# AWS DeepRacer application: Modes of operation
## Overview
The AWS DeepRacer core application on the AWS DeepRacer device operates in three
modes: **autonomous mode**, **calibration mode**, and **manual mode**. The following sections provide
details about how the AWS DeepRacer core application works in autonomous and manual
modes. You can follow the instructions in
[Getting started with AWS DeepRacer OpenSource](https://github.com/aws-deepracer/aws-deepracer-launcher/blob/main/getting-started.md) to set up your car with the latest
version of the AWS DeepRacer device software to use the `autonomous`, `calibration`, and
`manual` modes of the AWS DeepRacer core application.
The `autonomous` and `manual` modes are accessible on the **Control vehicle** page of the AWS DeepRacer device console. In `autonomous` mode, you can load the reinforcement learning model trained on the AWS DeepRacer service and run inference on the physical car. In `manual` mode, you can manually control the car to steer and move it using a simple joystick on the device console. You can also change the speed using the device console to control the speed at which the car is driving in both the modes.
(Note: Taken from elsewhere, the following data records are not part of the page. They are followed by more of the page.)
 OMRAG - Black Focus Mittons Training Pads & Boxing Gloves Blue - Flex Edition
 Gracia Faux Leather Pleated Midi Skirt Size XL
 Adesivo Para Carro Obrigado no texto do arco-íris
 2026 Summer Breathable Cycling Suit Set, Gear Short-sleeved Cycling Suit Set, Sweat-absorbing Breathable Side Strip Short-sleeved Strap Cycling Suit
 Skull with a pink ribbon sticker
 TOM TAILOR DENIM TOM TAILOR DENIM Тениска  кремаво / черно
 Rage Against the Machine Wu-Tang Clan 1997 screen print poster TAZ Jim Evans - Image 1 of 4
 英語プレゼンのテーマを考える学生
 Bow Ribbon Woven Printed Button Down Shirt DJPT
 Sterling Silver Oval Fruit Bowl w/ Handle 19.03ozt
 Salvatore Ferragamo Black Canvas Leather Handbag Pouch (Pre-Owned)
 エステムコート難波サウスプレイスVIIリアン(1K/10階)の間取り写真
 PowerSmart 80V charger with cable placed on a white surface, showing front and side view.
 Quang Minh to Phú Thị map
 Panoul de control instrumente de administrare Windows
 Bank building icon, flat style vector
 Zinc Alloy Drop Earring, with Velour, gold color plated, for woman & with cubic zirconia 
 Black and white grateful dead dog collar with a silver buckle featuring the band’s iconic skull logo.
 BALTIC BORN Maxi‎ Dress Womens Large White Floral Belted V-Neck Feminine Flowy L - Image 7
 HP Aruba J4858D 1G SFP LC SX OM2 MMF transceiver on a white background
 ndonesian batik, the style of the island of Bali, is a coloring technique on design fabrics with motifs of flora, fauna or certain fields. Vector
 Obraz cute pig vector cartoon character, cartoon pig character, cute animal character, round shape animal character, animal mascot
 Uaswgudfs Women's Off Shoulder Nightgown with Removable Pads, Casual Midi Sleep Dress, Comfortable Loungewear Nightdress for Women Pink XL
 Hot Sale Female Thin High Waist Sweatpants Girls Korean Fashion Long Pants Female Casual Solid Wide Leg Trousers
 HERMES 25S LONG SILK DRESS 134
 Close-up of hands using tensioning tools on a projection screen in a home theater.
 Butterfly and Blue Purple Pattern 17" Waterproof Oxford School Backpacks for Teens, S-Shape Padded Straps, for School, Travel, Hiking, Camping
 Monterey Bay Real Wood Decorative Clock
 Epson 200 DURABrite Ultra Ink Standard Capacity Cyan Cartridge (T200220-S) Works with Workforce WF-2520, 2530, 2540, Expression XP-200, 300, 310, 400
Both `autonomous` and `manual` mode leverage the **servo node** as their navigation component. You can read about how the various ROS nodes that are part of the AWS DeepRacer device software and the device console interact in `autonomous` and `manual` mode in the following sections.
## `Autonomous` mode
While running inference on the reinforcement learning model loaded in
`autonomous` mode, the AWS DeepRacer device takes in the state information required
at the rate of the camera sensor and takes an action to either increase or decrease the
speed and steering angle. Each **perception-inference-action** step involves a
pipeline of a series of ROS messages published or subscribed at various nodes from
the point the camera and LiDAR data is published; then a model takes the image or
image+LiDAR data as an input; to the point where the servo and motors attached to the
wheel change angle or speed.
### Perception
As part of the *perception* step, the camera images are read from the camera and
published in the **camera_node**. If you have a single camera connected, then the
camera messages contain only one image per message, whereas if there are two
cameras connected (as in the AWS DeepRacer Evo), the camera messages contain one
image from each camera per message. In the AWS DeepRacer Evo, we also publish the
LiDAR data read from the connected LiDAR. The camera and LiDAR data are
combined together as a sensor message and published at the rate of the camera sensor in
the **sensor_fusion_node**.
### Inference (decision)
The reinforcement learning model used in the AWS DeepRacer device is trained in the
AWS DeepRacer service and uploaded to the device. Before running the inference,
the reinforcement learning model is optimized on the device using the Intel
OpenVino Model Optimizer in the **model_optimizer_node** to create the
intermediate representation artifacts of the network, which can be read, loaded,
and inferred with the Intel OpenVino Inference Engine. As part of the inference
step, the AWS DeepRacer application takes in the state information sent from the
**sensor_fusion_node** and runs inference using the Inference Engine APIs in the
**inference_node** to publish the reinforcement learning inference results.
### Action (navigation)
The action step differs slightly based on the action space type on which the model
was trained. The AWS DeepRacer service support two types of action space types
for the models that are trained: **discrete** and **continuous**. For the
discrete action space, a set of discrete values are returned from the neural
network, interpreted as a probability distribution, and mapped to a
set of actions. For the continuous action space, the policy only outputs two discrete
values. These values are interpreted to be the mean and standard deviation of a
continuous normal distribution. You can learn more about these in the **The ins
and outs of action spaces** section of this [AWS blog post](https://aws.amazon.com/blogs/machine-learning/using-the-aws-deepracer-new-soft-actor-critic-algorithm-with-continuous-action-spaces/).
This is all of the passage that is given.